Although several studies have been carried out to identify the critical periods in the development of obesity, the pattern of weight gain during childhood implying sustained obesity is not clear, since the studies show great variability in terms of subject age, duration of follow-up and sample size. Relevant data have been obtained from a recent longitudinal study based on the general population and including 51,505 children, with observation starting at birth and up until 18 years of age.4 The study showed that overweight and obesity manifest early in life, and 75% of the children who were obese at three years of age remained obese in adolescence. Among the adolescents who were overweight or obese, the greatest acceleration in body mass index (BMI) occurred between 2 and 6 years of age. Even after this period of rapid weight gain, the BMI continued to increase, though at a lower rate. Of note is the fact that children born to obese mothers had a particularly high risk of suffering obesity, though the critical periods in the development of obesity were no different from those in children whose mothers were not obese. The patterns of change in BMI early in life, more than the absolute BMI value, may act as a predictor for identifying children at risk of developing adiposity in later stages.4

The constant increase in obesity in developed countries shows that the classical dietary and nutritional, pharmacological and behavioural management approaches applied for decades have failed, and have been particularly ineffective in preventing obesity, as well as in maintaining lost weight. The management of overweight and obesity requires a multidisciplinary approach and is based on three key objectives: reorganization of eating habits, increased physical activity, and motivation of the child and family environment to achieve the necessary lifestyle changes, establishing acceptable goals that can be maintained over time. Drug treatment5 or bariatric surgery6 is still an exceptional indication in paediatric patients. The existing systematic reviews and meta-analyses on the different therapeutic options agree that it is presently not possible to establish specific recommendations in this respect, or to ascertain the long-term outcomes of such interventions. No proven treatments are yet available, and management individualization is required.

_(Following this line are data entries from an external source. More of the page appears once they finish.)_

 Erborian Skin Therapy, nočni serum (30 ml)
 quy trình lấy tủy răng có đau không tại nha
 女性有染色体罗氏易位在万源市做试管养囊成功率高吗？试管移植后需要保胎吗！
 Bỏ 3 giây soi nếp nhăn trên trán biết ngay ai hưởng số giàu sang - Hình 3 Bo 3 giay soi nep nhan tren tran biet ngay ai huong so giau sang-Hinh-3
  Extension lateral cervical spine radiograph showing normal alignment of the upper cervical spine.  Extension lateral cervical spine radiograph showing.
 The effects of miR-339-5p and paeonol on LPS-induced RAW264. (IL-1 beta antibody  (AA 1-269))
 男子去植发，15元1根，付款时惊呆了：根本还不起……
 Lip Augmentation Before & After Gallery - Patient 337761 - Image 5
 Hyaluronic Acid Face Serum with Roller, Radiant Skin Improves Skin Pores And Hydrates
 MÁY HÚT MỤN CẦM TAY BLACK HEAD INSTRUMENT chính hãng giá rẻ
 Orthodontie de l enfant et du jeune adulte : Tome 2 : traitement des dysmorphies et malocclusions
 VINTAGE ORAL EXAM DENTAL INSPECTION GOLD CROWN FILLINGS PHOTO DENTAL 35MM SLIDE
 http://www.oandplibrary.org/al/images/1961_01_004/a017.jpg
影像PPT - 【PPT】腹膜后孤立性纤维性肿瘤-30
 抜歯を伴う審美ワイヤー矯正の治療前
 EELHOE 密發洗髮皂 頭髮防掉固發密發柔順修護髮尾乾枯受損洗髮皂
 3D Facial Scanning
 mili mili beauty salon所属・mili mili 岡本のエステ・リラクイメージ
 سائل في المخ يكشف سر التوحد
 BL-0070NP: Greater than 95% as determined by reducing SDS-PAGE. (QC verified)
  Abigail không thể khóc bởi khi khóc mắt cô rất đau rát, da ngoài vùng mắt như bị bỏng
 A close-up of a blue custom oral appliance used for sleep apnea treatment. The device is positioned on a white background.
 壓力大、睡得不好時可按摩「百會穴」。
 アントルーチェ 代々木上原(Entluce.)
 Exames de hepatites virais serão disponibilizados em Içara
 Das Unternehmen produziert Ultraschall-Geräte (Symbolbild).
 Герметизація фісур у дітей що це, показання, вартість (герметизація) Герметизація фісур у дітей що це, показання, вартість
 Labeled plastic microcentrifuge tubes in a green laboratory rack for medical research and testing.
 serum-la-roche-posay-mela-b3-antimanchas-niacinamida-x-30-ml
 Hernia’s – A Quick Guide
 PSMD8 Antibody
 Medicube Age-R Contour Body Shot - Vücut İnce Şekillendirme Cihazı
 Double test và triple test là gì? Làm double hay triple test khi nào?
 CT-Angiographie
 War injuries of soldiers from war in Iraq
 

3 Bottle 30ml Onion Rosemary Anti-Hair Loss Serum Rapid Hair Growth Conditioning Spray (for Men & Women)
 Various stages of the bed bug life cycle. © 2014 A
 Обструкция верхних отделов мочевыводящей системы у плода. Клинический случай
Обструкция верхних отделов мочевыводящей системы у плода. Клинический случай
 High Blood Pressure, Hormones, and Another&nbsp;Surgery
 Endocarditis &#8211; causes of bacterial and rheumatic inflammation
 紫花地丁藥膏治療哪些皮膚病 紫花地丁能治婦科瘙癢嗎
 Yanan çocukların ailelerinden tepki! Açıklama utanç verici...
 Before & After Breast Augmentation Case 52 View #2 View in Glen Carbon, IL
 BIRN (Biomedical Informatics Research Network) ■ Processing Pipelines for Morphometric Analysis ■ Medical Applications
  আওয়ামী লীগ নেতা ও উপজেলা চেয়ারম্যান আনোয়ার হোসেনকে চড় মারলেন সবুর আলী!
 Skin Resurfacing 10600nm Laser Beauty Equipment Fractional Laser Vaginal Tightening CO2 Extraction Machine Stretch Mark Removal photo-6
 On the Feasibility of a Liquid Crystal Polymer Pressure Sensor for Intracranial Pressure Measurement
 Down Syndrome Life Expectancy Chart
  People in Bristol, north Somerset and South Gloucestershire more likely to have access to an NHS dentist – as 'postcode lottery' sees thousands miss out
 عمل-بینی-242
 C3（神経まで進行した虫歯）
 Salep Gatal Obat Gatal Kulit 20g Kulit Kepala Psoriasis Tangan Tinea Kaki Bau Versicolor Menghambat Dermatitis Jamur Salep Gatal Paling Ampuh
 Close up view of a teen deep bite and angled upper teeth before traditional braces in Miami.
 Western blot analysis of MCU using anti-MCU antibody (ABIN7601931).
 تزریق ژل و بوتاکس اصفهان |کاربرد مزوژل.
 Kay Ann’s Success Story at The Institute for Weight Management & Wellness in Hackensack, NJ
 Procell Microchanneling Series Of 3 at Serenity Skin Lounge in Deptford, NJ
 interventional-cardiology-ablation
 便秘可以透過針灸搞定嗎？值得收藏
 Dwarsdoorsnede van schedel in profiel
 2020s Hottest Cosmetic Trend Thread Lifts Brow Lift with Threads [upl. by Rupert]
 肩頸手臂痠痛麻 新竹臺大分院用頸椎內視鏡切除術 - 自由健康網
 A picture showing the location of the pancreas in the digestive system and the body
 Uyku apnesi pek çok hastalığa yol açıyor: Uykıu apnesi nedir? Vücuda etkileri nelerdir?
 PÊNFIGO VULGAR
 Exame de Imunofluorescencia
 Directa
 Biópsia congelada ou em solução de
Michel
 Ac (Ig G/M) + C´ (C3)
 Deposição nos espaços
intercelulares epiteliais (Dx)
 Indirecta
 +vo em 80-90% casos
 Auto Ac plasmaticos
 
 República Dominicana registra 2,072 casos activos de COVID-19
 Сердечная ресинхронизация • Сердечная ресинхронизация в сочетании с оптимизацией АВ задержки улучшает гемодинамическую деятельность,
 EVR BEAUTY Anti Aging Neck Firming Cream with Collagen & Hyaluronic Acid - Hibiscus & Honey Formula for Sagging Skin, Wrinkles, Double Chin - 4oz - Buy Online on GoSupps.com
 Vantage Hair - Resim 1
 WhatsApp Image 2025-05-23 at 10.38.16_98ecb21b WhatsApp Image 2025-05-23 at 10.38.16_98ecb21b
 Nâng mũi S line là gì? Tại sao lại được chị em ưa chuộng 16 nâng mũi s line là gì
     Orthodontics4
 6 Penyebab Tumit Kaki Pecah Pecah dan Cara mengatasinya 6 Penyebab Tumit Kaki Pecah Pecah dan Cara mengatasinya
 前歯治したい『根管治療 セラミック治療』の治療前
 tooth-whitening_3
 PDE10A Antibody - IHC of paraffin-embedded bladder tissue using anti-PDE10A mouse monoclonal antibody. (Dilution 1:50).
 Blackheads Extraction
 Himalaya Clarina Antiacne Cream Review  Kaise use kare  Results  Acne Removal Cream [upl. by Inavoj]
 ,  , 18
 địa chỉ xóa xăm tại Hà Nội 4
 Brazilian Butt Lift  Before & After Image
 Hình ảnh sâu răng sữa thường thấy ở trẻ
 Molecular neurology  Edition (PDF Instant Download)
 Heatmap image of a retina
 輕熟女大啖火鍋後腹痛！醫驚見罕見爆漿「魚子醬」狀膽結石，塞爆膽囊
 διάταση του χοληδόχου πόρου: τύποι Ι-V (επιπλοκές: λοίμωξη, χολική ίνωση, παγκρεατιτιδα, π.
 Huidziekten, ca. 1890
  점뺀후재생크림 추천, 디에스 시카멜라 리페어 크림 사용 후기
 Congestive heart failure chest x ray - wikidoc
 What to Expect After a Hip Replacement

If treatment proves necessary, combined strategies involving diet, exercise and behavioural changes are the most effective option, particularly if the parents are implicated in the treatment. Such an individualized approach should include the assessment of cardiometabolic risk factors and the personalization of indicated treatment, especially as regards physical exercise.7 A parameter that may offer relevant information for the correct individualized planning of physical exercise is the cardiorespiratory capacity (CRC) of the child, as assessed by peak or maximum oxygen consumption (VO2 peak) in the context of an exercise test. This is a particularly relevant parameter that constitutes a comprehensive measure of the functionality of the musculoskeletal, cardiocirculatory and metabolic components involved in physical activity and exercise.8,9 In this context, an adequate CRC implies a good coordinated physiological response of all of the aforementioned components and addresses a series of physical characteristics such as muscle strength and resistance, aerobic capacity, joint mobility, speed of movement, agility, coordination and balance.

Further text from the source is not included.